Christopher Brown : Ehoud Olmert a récemment nommé au titre de vice-premier ministre, Avigdor Lieberman, un homme que certains considèrent comme « fasciste » à la lumière de ses idées à propos des Arabes, et des Palestiniens en particulier. Pourtant, c’est à peine si la presse internationale a évoqué ses déclarations extravagantes et violentes ; par exemple, que tous les Arabes devraient être expulsés des Territoires et que les députés arabes au Parlement israélien devraient être exécutés s’ils ont le moindre contact avec le gouvernement dirigé par le Hamas. Pendant ce temps, chaque mot de Mahmoud Ahmadinejad, le président iranien - à propos du génocide des Juifs tenu pour un canular, à propos de la destruction d’Israël et ainsi de suite - est enregistré pour que nul n’en ignore. Votre réponse ?
Ilan Pappé : Je pense que vous avez mis le doigt sur deux points importants. Le premier point est cette idéologie à laquelle Avigdor Lieberman adhère et qui est une idéologie de nettoyage ethnique. Quelqu’un qui considère que le seul moyen de résoudre les problèmes en Israël/Palestine est d’expulser les Palestiniens d’Israël et de tout territoire qu’Israël convoite.
Je pense que le problème avec Avigdor Lieberman, ce ne sont pas ses vues personnelles mais le fait qu’il reflète ce que la plupart des Juifs israéliens pensent et ce qu’assurément la plupart de ses collègues du gouvernement Olmert pensent mais n’osent pas dire, ou considèrent, pour des raisons tactiques, qu’il n’est pas souhaitable de dire. Mais je pense réellement que nous devrions être inquiet au sujet de Lieberman, non pas parce que c’est un extrémiste fasciste mais parce qu’il représente l’humeur d’Israël en 2006.
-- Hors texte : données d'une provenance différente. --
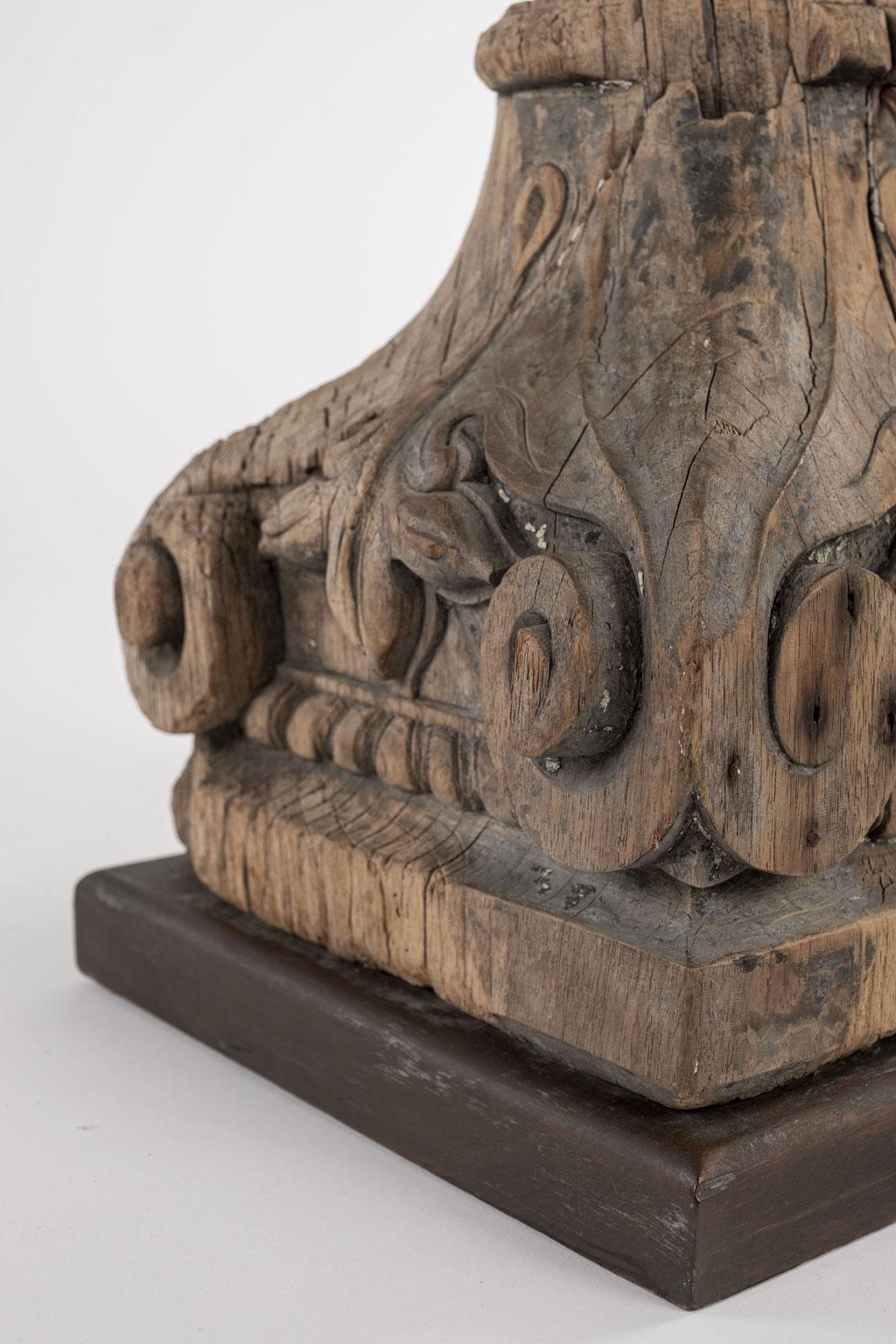 Italian Pair of Carved Capital Table Lamps For Sale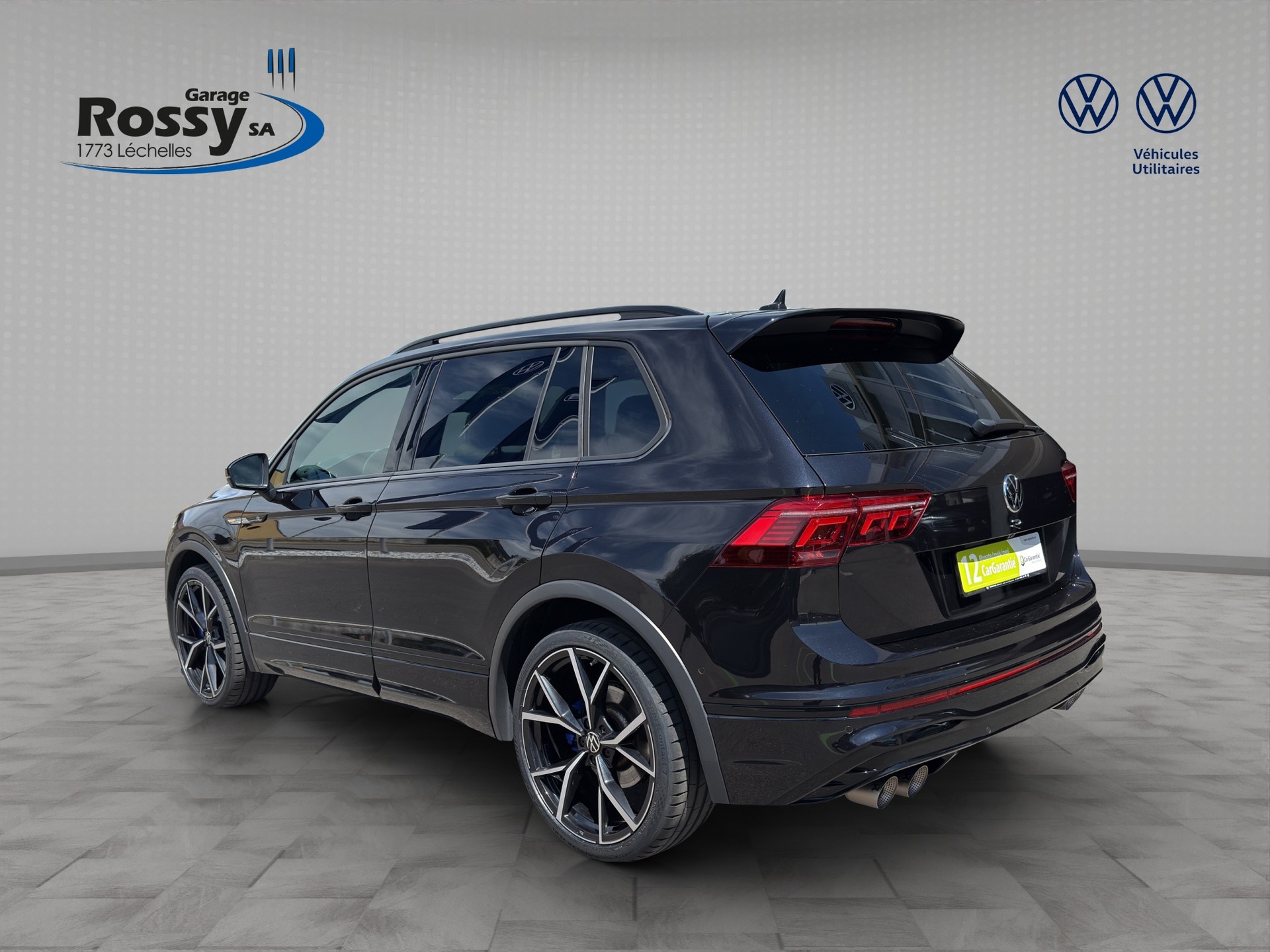 VW Tiguan 2.0TSI R 4Motion DSG-showroom-element-3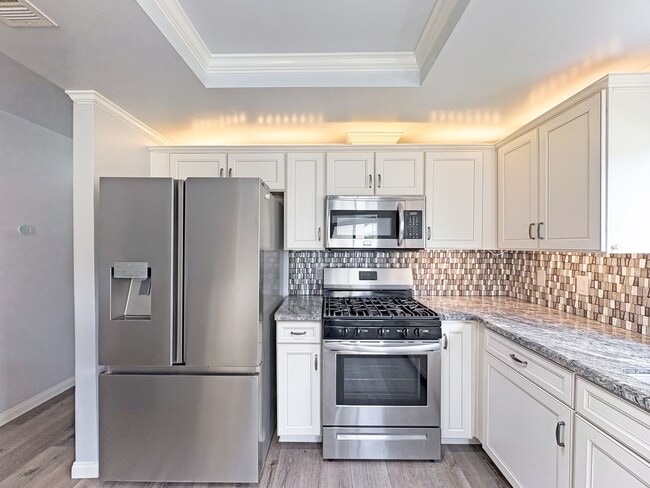 Building Photo - SD: Comfortable 3BD/2BA Home in Oceanside with Community Pool, 2-Car Garage & Walking Trails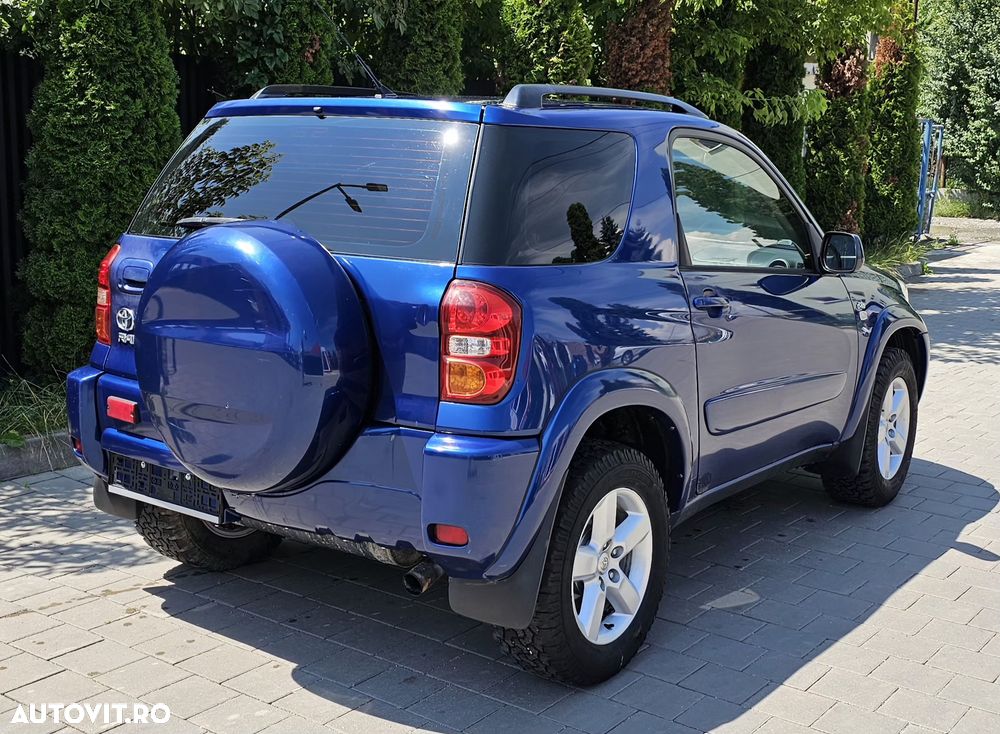 Toyota RAV4 - 6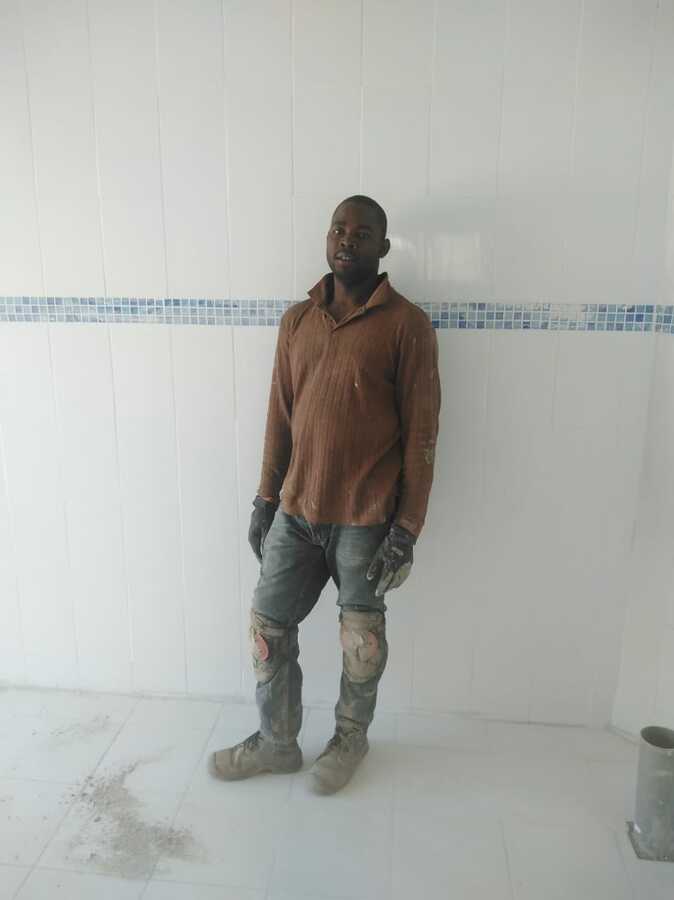 Yo terminando mi obra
Le second point, c’est le double standard, l’hypocrisie que vous avez relevée en comparant à juste titre les citations d’Ahmadinejad qu’on ne cesse de répéter et la manière dont des généralisations et des attitudes semblables ou pires de la part d’Israéliens ne sont pas du tout entendues. Et je pense que cela tient au statut particulier dont Israël jouit dans le monde occidental. [Mais] pas aux yeux de la société civile... [Pour] la plupart des gens qui vivent aujourd’hui en Occident, [Israël] est un pays qui viole les droits de l’homme, les droits civils, et tant son idéologie que sa politique sont inacceptables. Mais les gouvernements continuent de soutenir l’Etat parce que le monde est mené par un président américain et un groupe de gens qui ont un certain point de vue, un point de vue quasiment religieux avec lequel des idées comme celles de Lieberman s’accordent très bien.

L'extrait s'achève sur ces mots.